Querying SrMise results

Sample: Ag

In previous examples the results of peak extraction/fitting were read from the console, but this is not always convenient. This example demonstrates the basic methods for querying SrMise objects about their parameters and values within scripts.

First, visually check that the baseline obtained in the earlier silver example (set using the --bsrmise filename.srmise option) is reasonable over a larger range.

srmise data/Ag_nyquist_qmax30.gr --no-extract --plot --range 2 10
    --bsrmise output/query_results.srmise

images/query_results1.png

Next, run

python query_results.py

to perform peak extraction, the example analysis, and obtain the two plots below.

images/query_results2.png

images/query_results3.png

Now the methods of the script are described. The way to evaluate model uncertainties with SrMise is with a ModelCovariance instance returned after peak extraction (or fitting).

cov = ppe.extract()

Model parameters denoted by a tuple (i,j), representing the jth parameter of the ith peak, are passed to this object’s methods. For a Gaussian over r, the order of peak parameters in SrMise is position, width, and area. Thus, the area of the nearest-neighbor peak is denoted by the tuple (0,2). (Indexing is zero-based.) By convention, the last element (i=-1) is the baseline. The methods of greatest interest are as follows.

# Get (value, uncertainty) tuple for this parameter
cov.get((i,j))

# Get just the value of the parameter
cov.getvalue((i,j))

# Get just the uncertainty of the parameter
cov.getuncertainty((i,j))

# Get the covariance between two parameters
cov.getcovariance((i1,j1), (i2,j2))

# Get the correlation between two parameters
cov.getcorrelation((i1,j1), (i2,j2))

Suppose, for example, one wants to emperically estimate the number of silver atoms contributing to each occupied coordination shell of the FCC structure, knowing that the coordination number (i.e. nearest neighbors) of an ideal FCC structure is exactly 12. For a monoelemental material the intensity of a peak in a properly normalized PDF should equal the number of contributing atoms in the corresponding shell. Thus, the intensity of the nearest neighbor peak permits an estimate of the PDF scale factor, and using that an estimate of other shell’s occupancy. This simple procedure is implemented in the script using model parameters and uncertainties obtained with the methods above.
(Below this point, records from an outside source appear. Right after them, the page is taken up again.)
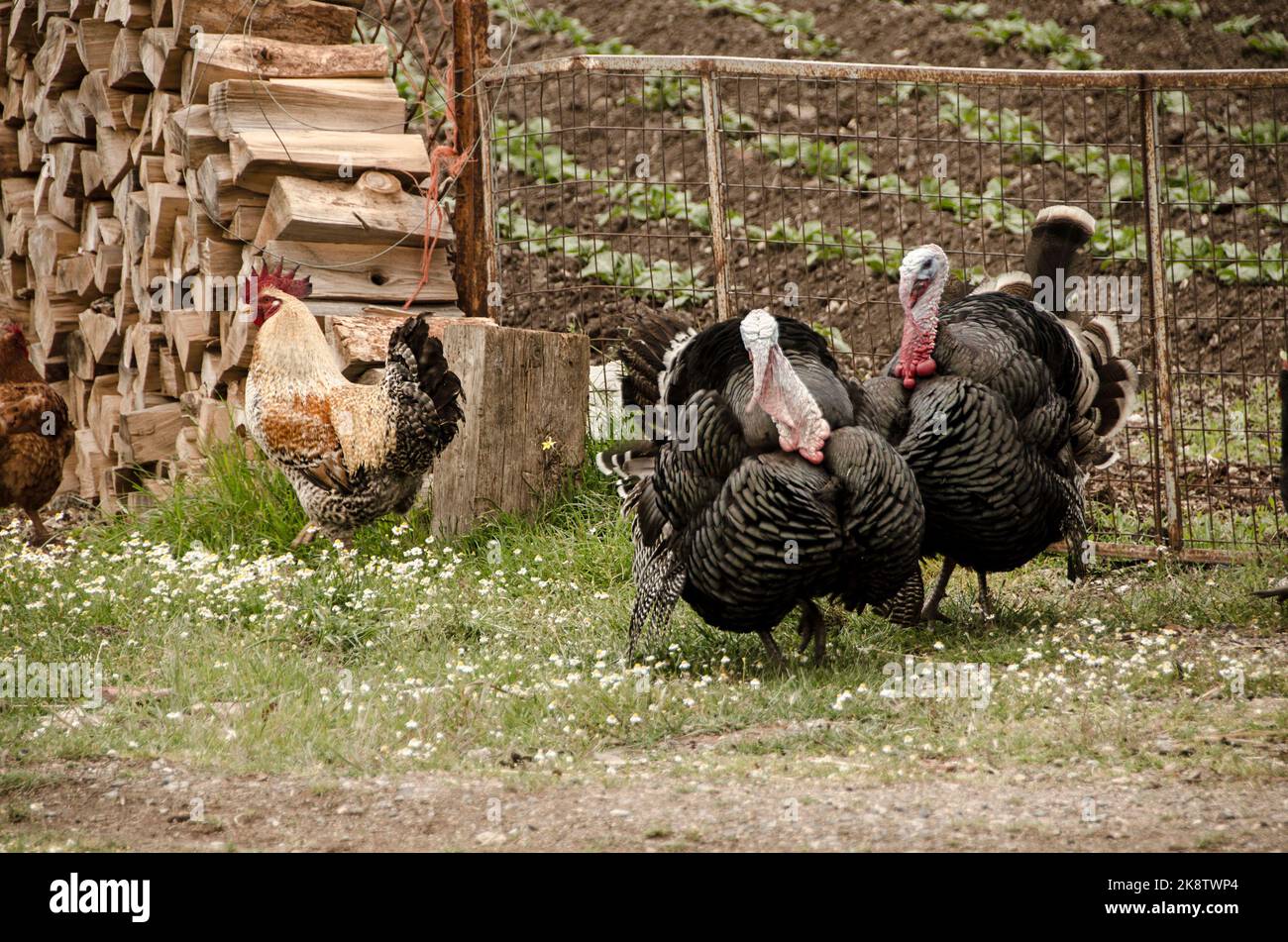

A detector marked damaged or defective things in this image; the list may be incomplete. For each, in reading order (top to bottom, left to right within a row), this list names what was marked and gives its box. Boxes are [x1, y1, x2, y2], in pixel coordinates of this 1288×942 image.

rusty wire mesh [476, 56, 1276, 559] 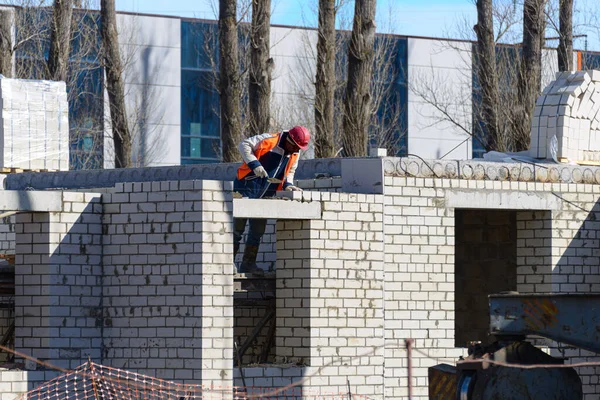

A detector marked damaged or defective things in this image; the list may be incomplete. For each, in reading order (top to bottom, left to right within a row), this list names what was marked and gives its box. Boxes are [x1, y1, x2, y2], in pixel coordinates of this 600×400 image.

rusted metal sheet [490, 294, 600, 354]
rusted metal sheet [428, 364, 458, 398] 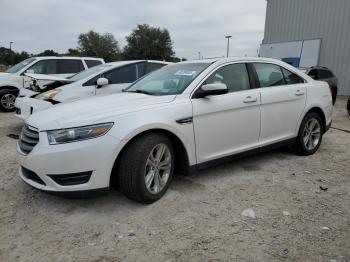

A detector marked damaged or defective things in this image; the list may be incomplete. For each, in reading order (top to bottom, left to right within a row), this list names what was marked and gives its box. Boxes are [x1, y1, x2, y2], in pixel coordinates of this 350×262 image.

damaged car in background [15, 59, 170, 119]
Another useful capability is calculating the value of a model, in whole or part. Given a PDFPeakExtraction instance ppe and a numpy array r, the usual methods are

# Return sum of peaks and baseline, evaluated on the current grid, or r.
ppe.extracted.value()
ppe.extracted.value(r)

# Return residual (data - model) on the current grid.
ppe.extracted.residual()

# Return the baseline evaluated on the current grid, or r.
ppe.extracted.valuebl()
ppe.extracted.valuebl(r)

# The ith peak evaluated on r
ppe.extracted.model[i].value(r)

# The baseline evaluated on r
ppe.extracted.baseline.value(r)

Script (query_results.py)

#!/usr/bin/env python
##############################################################################
#
# diffpy.srmise     by Luke Granlund
#                   (c) 2015 trustees of the Michigan State University.
#                   All rights reserved.
#
# File coded by:    Luke Granlund
#
# See LICENSE.txt for license information.
#
##############################################################################
"""Example of extracting multiple peaks and accessing results programatically.
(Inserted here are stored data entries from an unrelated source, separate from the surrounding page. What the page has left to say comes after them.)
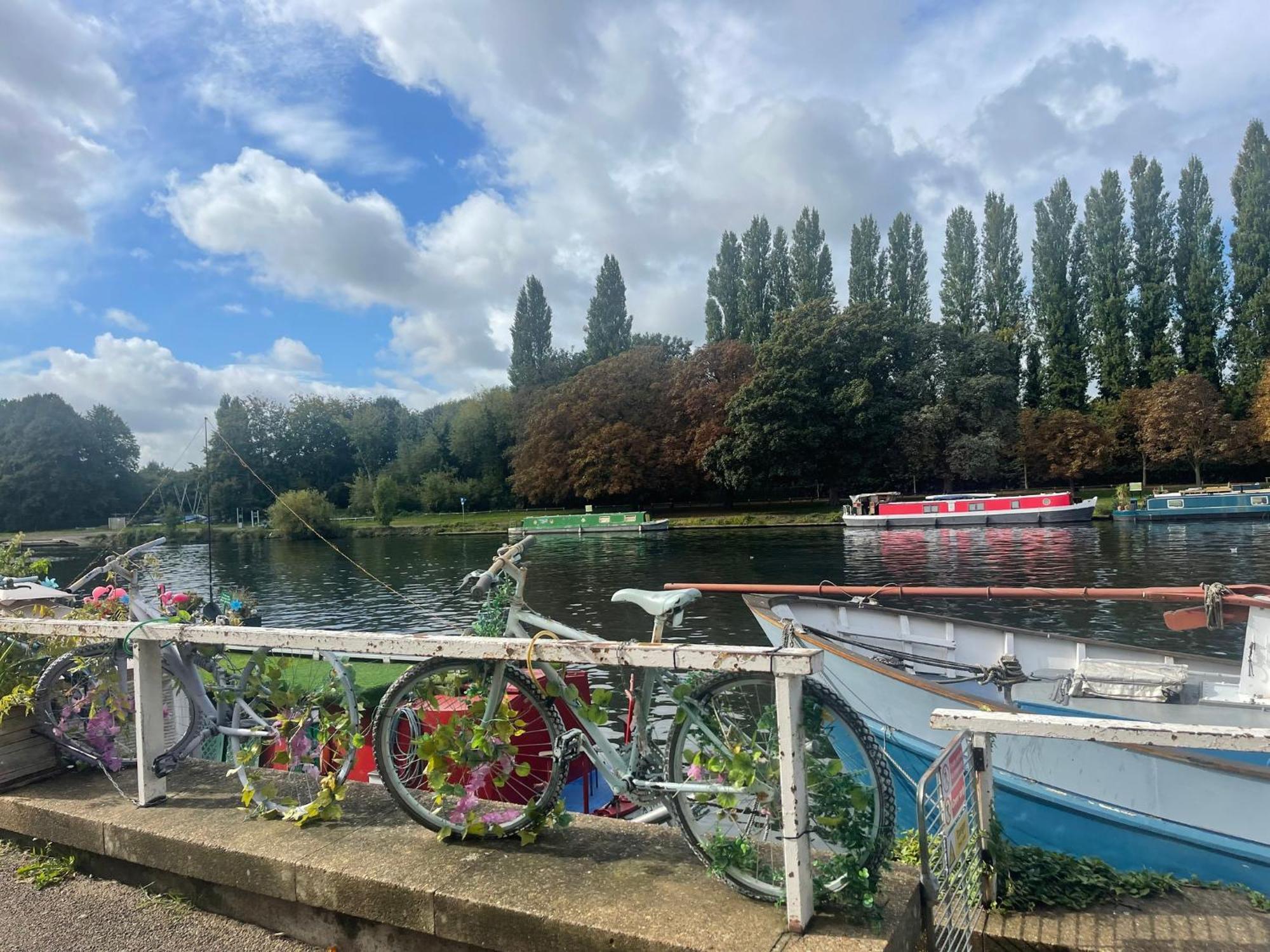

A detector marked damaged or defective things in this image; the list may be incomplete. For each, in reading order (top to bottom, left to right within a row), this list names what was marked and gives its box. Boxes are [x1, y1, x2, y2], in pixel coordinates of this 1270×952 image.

rusty white railing [0, 614, 828, 934] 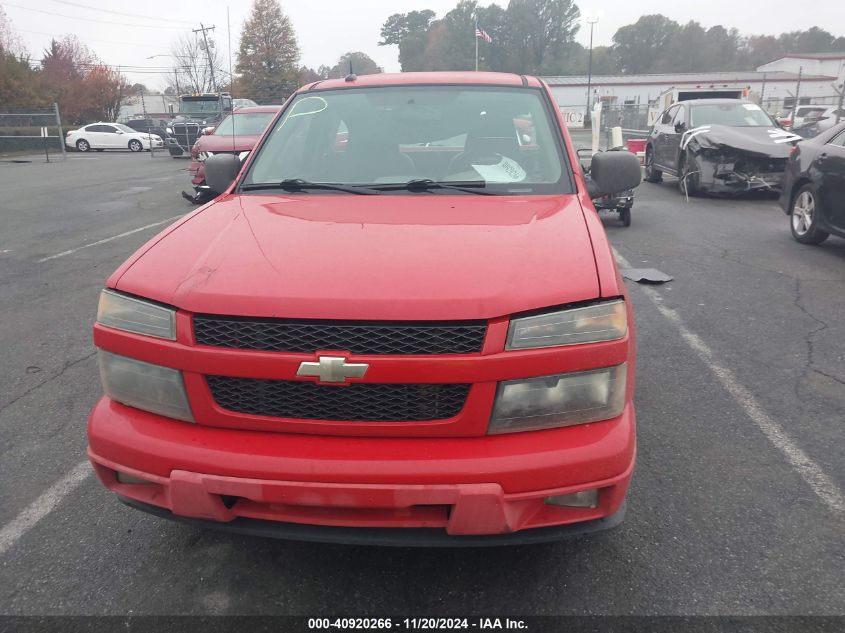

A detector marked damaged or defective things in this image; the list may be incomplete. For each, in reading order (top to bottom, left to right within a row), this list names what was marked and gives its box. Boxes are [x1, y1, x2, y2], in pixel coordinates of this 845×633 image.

damaged silver car [648, 99, 796, 195] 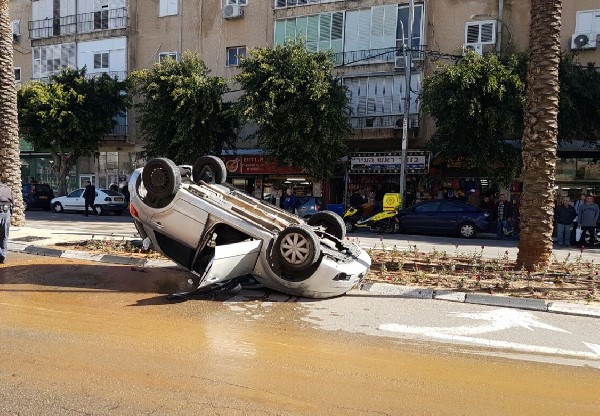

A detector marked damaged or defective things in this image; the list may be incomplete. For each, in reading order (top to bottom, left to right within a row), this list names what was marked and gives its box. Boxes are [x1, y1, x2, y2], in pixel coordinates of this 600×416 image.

overturned silver car [128, 157, 370, 300] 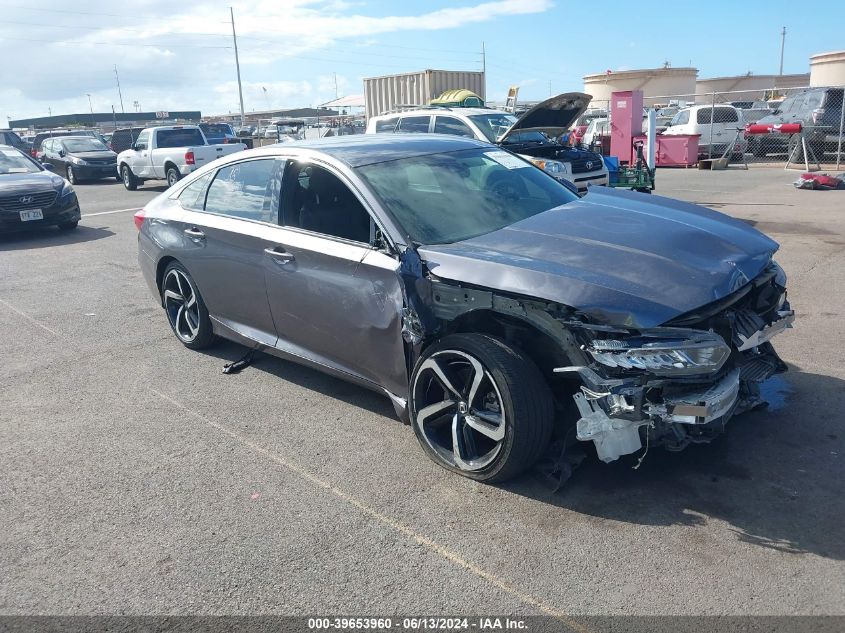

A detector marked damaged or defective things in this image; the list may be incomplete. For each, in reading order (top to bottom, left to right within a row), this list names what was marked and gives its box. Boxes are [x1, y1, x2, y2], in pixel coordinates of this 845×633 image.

dented hood [502, 92, 592, 143]
damaged gray sedan [137, 136, 792, 482]
dented hood [418, 186, 780, 326]
damaged quarter panel [420, 185, 780, 328]
broken headlight [584, 330, 728, 376]
crumpled front end [552, 260, 792, 462] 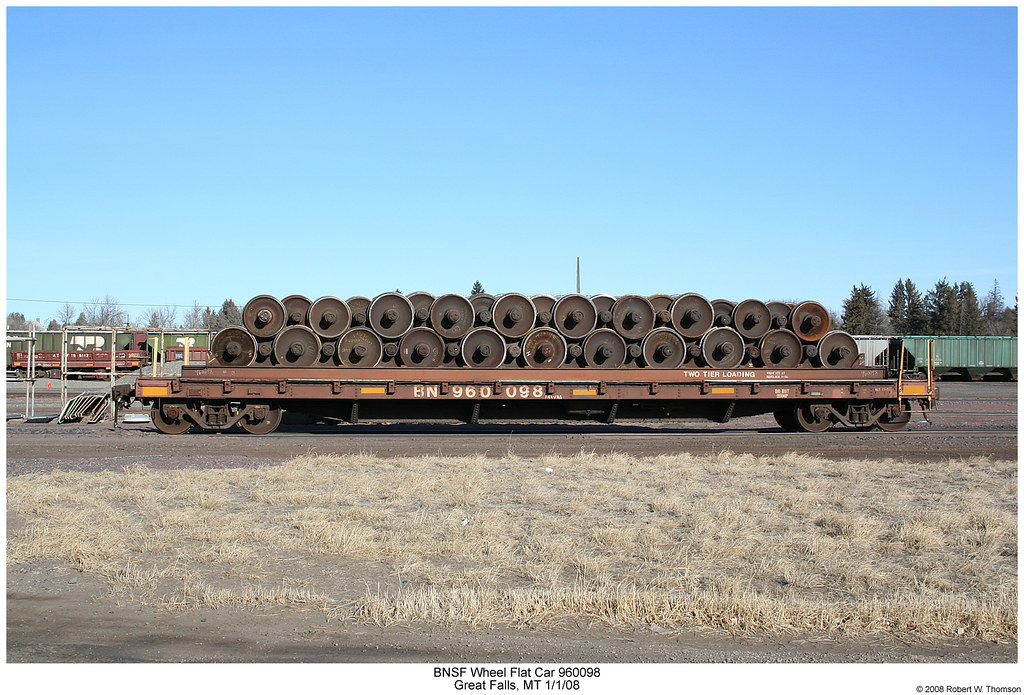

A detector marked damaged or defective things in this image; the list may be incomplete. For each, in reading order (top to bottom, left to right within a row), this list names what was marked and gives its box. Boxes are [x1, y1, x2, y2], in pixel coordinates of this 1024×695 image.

This example shows how to extract a range of peaks from a simple crystalline
PDF using a crystalline baseline obtained from an existing trial.  It shows
how to access the value and uncertainty of peak parameters, including
transforming between different peak parameterizations.  Finally, it shows how
to evaluate the model on an arbitrary grid.
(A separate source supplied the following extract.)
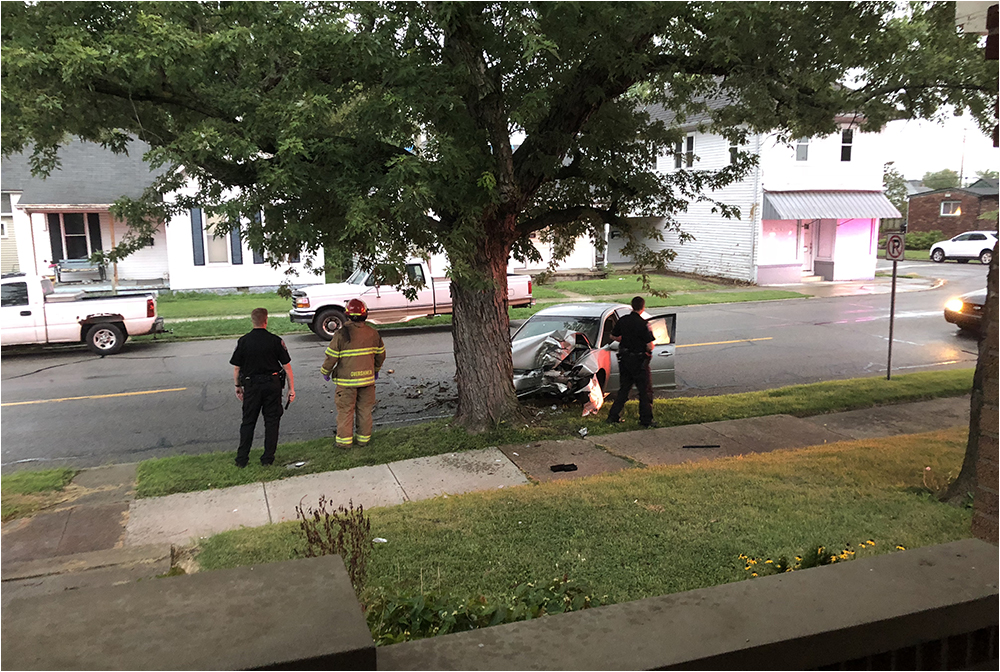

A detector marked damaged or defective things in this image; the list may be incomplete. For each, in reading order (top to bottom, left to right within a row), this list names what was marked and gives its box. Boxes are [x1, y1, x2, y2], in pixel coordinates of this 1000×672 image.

car hood crumpled [512, 330, 604, 396]
damaged silver car [512, 304, 676, 400]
The peaks extracted by this script are equivalent to those obtained running
srmise data/Ag_nyquist_qmax30.gr --range 2. 10. \
    --bsrmise output/extract_single_peak.srmise \
    --save output/query_results.srmise \
    --pwa output/query_results.pwa --plot
at the command line.
"""

import matplotlib.pyplot as plt
import numpy as np

from diffpy.srmise.modelcluster import ModelCovariance
from diffpy.srmise.pdfpeakextraction import PDFPeakExtraction


def run(plot=True):

    # Initialize peak extraction
    # Create peak extraction object
    ppe = PDFPeakExtraction()

    # Load the PDF from a file
    ppe.loadpdf("data/Ag_nyquist_qmax30.gr")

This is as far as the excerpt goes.